The first remote hacking of a new vehicle has lead to the first recall over hacking fears.
Fiat-Chrysler said today it was launching a voluntary recall of 1.4 million cars, trucks and SUVs out of “an abundance of caution,” following a demonstration earlier this week by Wired magazine from two hackers who took remote control of a Jeep Cherokee’s brakes and other systems.

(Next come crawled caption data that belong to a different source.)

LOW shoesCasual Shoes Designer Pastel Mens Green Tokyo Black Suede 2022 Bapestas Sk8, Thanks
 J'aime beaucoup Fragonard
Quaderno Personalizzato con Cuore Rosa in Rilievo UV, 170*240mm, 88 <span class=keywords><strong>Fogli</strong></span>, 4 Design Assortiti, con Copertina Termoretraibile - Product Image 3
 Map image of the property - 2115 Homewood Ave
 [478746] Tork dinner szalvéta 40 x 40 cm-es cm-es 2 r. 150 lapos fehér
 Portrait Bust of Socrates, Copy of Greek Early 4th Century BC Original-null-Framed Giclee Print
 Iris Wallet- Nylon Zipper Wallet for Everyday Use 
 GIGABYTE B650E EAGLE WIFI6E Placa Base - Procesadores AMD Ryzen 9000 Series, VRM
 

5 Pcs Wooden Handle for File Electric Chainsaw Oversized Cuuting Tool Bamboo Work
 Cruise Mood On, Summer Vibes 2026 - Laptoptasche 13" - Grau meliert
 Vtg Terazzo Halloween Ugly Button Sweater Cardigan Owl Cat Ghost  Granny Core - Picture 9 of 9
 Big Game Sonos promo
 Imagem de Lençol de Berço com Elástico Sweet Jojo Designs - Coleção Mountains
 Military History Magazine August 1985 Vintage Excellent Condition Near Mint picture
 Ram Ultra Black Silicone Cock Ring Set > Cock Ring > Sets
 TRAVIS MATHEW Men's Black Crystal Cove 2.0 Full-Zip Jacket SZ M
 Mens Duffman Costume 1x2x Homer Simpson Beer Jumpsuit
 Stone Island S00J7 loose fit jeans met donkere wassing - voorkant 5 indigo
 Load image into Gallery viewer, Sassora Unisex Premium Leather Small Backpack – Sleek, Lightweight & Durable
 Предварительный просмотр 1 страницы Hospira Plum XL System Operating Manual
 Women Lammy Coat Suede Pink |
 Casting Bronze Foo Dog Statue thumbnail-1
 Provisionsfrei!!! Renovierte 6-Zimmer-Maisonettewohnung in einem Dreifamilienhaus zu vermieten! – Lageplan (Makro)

The hackers gained access through the Uconnect touchscreen entertainment system — a route they said could be available to any Fiat-Chrysler vehicle with the system installed.
The recall covers vehicles equipped with 8.4-inch touchscreens, including:
2013-2015 Dodge Vipers
2013-2015 Ram 1500, 2500 and 3500 pickups
2013-2015 Ram 3500, 4500, 5500 Chassis Cabs
2014-2015 Jeep Grand Cherokees and Cherokees
2014-2015 Dodge Durangos
2015 Chrysler 200, Chrysler 300 and Dodge Charger sedans
2015 Dodge Challengers
When the Wired story first broke this week, Fiat Chrysler has said a lower number of vehicles were affected, and that it would offer a free software update that owners could download and install themselves via USB drive. Today’s move not only raised the number of vehicles affected; owners will get the USB directly from Chrysler, instead of going to a dealer as with a traditional recall.
Fiat Chrysler also said it had changed its controls over the network-level access to block the technique used by the hackers; they had found that every affected car was transmitting its IP address over the Sprint cellular network.
“The software manipulation addressed by this recall required unique and extensive technical knowledge, prolonged physical access to a subject vehicle and extended periods of time to write code,” Fiat Chrysler said in a statement.
While this isn’t a traditional safety recall, the National Highway Traffic Safety Administration said it would open a separate probe to investigate Fiat Chrysler’s handling of the problem. The agency has been at loggerheads with the automaker for months, accusing it of foot-dragging safety recalls affecting more than 11 million vehicles, and threatening fines or other punishments for the delays. And Fiat Chrysler revealed in documents given to the agency that it first became aware of the software flaw in January 2014 — 18 months before the Wired article. (It also said no one had been able to gain remote access before the hackers.)
The researchers who found the flaw, Chris Valasek and Charlie Miller, say they did so to raise awareness about security questions surrounding connected cars. Most major automakers have moved to providing some kind of data link in their vehicles; a few, including Tesla and BMW, have even done over-the-air updates. With Congress now considering new laws on vehicle software safety, the Fiat Chrysler hacking recall may be a first, but it likely won’t be the last.